Во всей этой ситуации только некоторым из князей удавалось быть заботливым хозяином своей волости, радеть за общие интересы земли Русской, стремиться защитить не только собственную казну, но и «челядина» со «скотиной». К таким исключениям, счастливым для Руси, по праву относятся Владимир Мономах и его сын Мстислав. Именно Мономаху удалось на время приостановить междоусобицу своих братьев и внести в их отношения некий порядок или, как тогда говорили, ряд. И первое, что он сделал, — так это отказался в 1093 году от киевского стола, принадлежащего ему по сумме свершенных им подвигов во славу земли Русской, в пользу своего двоюродного брата Святополка II, а в следующем году, дабы не проливать крови православных людей и «не хвалиться поганым», пошел на очередную уступку — отдал Чернигов Олегу Святославичу, приведшему на Русь половецкие полки. Тем не менее Владимир, оставаясь в тени, продолжал быть самым заслуженным и самым авторитетным князем на Руси. Это ему, еще при власти Святополка II, удалось замирить прежних изгоев Святославичей (Олега, Давида и Ярослава): в ходе их борьбы за наследство погибли в 1078 году киевский князь Изяслав Ярославич и внук Ярослава Мудрого Борис Вячеславич, а в 1096 году — и сын самого Владимира Мономаха Изяслав. Тем самым он избавил тысячи дружинников и горожан от гибели, а десятки и сотни сел и городов от сожжения. На Любечском съезде князей в 1097 году было единогласно принято решение об отчинном праве, т. е. праве сыновей наследовать то, чем владел их отец. Таким образом, Мономах положил конец борьбе за передел Ярославова наследства между его внуками. Каждый из них сел в свою вотчину, где его суверенные права ограничивались лишь совестью да боязнью гнева Божьего, а также номинальным старшинством киевского князя, кровным родством с другими удельными князьями, существовавшими между ними договорами, скрепленными крестоцелованием, да православными епархиями, подчинявшимися киевскому митрополиту. А с другой стороны, Владимир продолжил начатое Ярославом Мудрым дробление Киевской Руси на волости и уделы.

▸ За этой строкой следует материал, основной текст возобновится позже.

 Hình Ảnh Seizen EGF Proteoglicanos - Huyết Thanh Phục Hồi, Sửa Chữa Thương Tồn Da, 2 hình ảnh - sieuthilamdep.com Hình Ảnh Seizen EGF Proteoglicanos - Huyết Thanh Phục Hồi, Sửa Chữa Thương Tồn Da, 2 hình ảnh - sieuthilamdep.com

Еще одним знаковым решением съезда князей (1100 г.), инициированного Мономахом, было наказание Давида Игоревича (внука Ярослава I), виновного в ослеплении Василька Ростиславича, сразу после Любечского съезда, захвате его городов, а также в междоусобных войнах, в том числе и с самим князем киевским, в ходе одной из которых был убит сын последнего Мстислав Святополчич. Правда, наказание это было сведено всего лишь к переводу виновника трагедии из большой волости в малую (из Владимира-Волынского в Дорогобуж). Мягкость наказания объясняется тем, что уже в те времена личность каждого члена княжеской семьи являлась священной и неприкосновенной, что недвусмысленно закреплялось формулой: «Боярин за преступление платит головой, а князь — волостью». Тем не менее прецедент был создан.

Силой своего авторитета и авторитетом силы Мономах поддерживал порядок на Руси и во времена своего киевского княжения (1113–1125 гг.). Правда, занял он этот стол в нарушение лествичного права — раньше более старшей ветви Ярославичей князей Черниговских, но они были обязаны ему за участие в их судьбе на Любечском съезде. Сыграли свою роль и смута, поднятая в Киеве после смерти Святополка II, и призыв киевского веча: «Ступай, князь, на стол отцовский и дедовский». Призыв подкреплялся угрозами: если он не придет, то мятеж может разрастись, и «тогда ты, князь, дашь Богу ответ, если монастыри разграбят». Делать было нечего, да и Святославичи о своих правах на Киев открыто заявлять постеснялись. Пришлось принимать бремя власти.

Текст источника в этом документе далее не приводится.